I spent the last two weeks of 2021 on the west coast of Ireland-a winter landscape defined by constantly shifting plays of light and dark: wind, rain, ocean, cloud, mist. Short days spent beside warm fires and walking empty, wild beaches.
It’s easy to get lost in the wind and spray and cloud; difficult to determine through squinted eyes exactly where the sky ends and the sea begins; exactly where the sea ends and the beach begins. Where the landscape ends and experience begins. Edges of everything dissolving from salt-gritted blue, watery-cold grey, into blasted whale bone. A sip from a flask of searing black tea. The skin of experience dissolving the skin of my hands peeling from the oily black decay of seal carcass, blue light falling through raw, red fingers.

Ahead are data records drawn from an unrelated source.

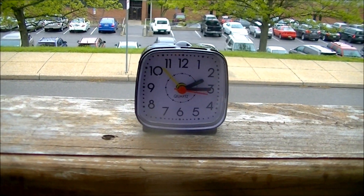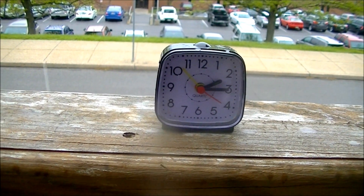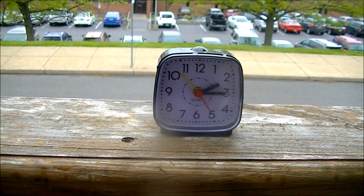Welcome to the fourth season of Drill This. For the season debut, I'm going to show you the fun way of how to silence an annoying alarm clock.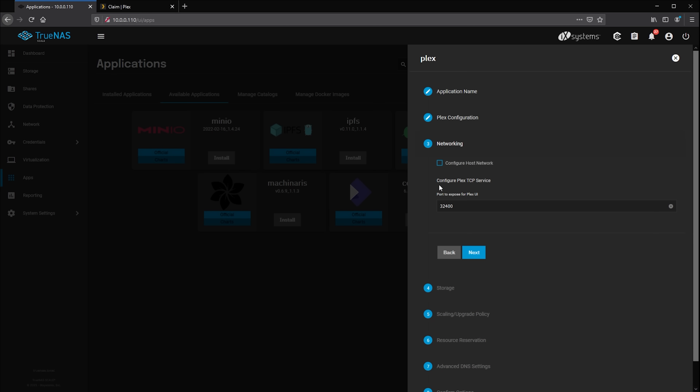The network configuration is where you'll set up the internal network port for the Plex web interface. I'd recommend leaving this at the default 32400. If you want to access Plex from outside your local network, you'll need to set up port forwarding on your firewall. As each firewall is different, you'll need to check your own documentation for instructions on how to do that.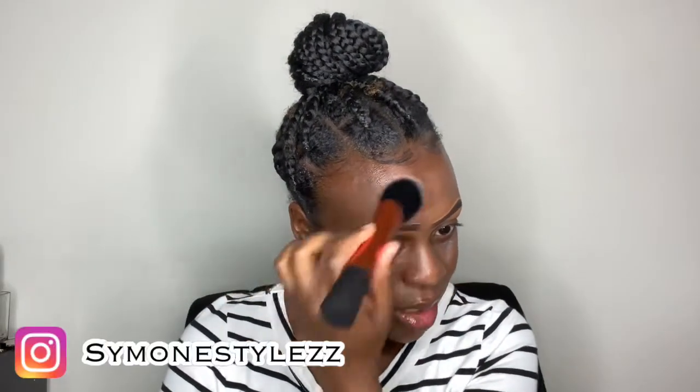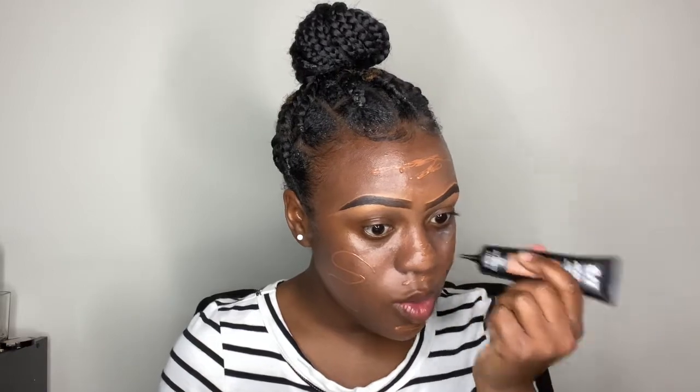Let me know in the comments if you guys have tried this. This is very, very natural — I can see myself wearing this to the beach or to the pool if I just want a little bit of coverage. I really like it. It feels very lightweight, not cakey at all. But you guys know I'm the full coverage queen, so we are going to build this up a bit.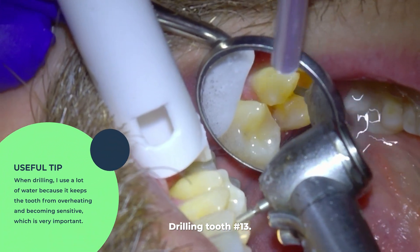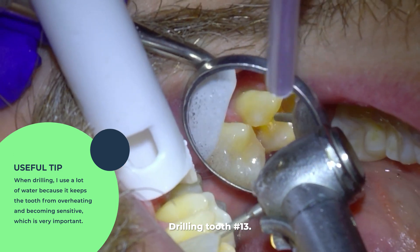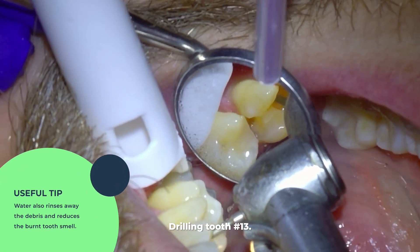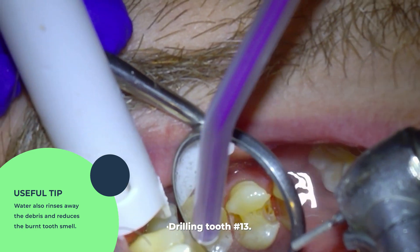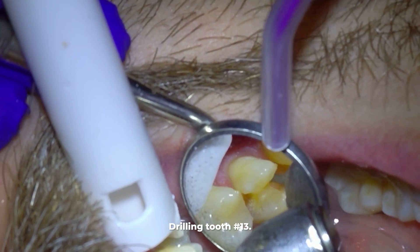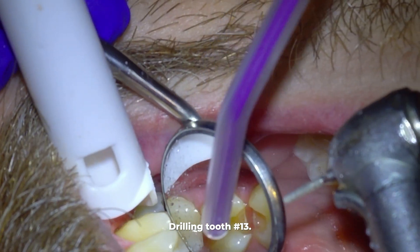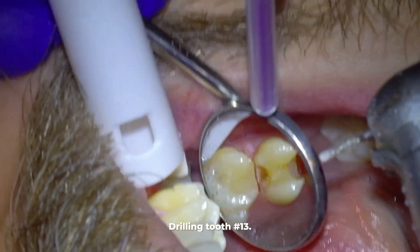When drilling I use a lot of water because it keeps the tooth from overheating and becoming sensitive, which is very important. The water also rinses away debris and reduces that burnt smell of tooth. The main reason for the water is to reduce the chance of sensitivity — if the tooth heats up too much it can cause inflammation, the tooth can die, and eventually get an infection.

Where do you locate yourself in that bare, extreme, landscape? In the extremity of poetic seeing-in the extremity of experience? Where do you find a distinct border between seeing and feeling; between you and the wind, the cloud, the decaying seal? Between this moment of seeing and this moment of writing, this moment of reading? This moment. Just. This. Moment.
That extreme Irish landscape impels inward and outward; that naked experience of wind and smell and touch and just thisblasting the worn skein of me all to hell. What’s left in that blasted space? Where are you in the immense silence of a howling wind?
Just breath. Bone. Flesh. Just wind. Just endless sky, vast ocean.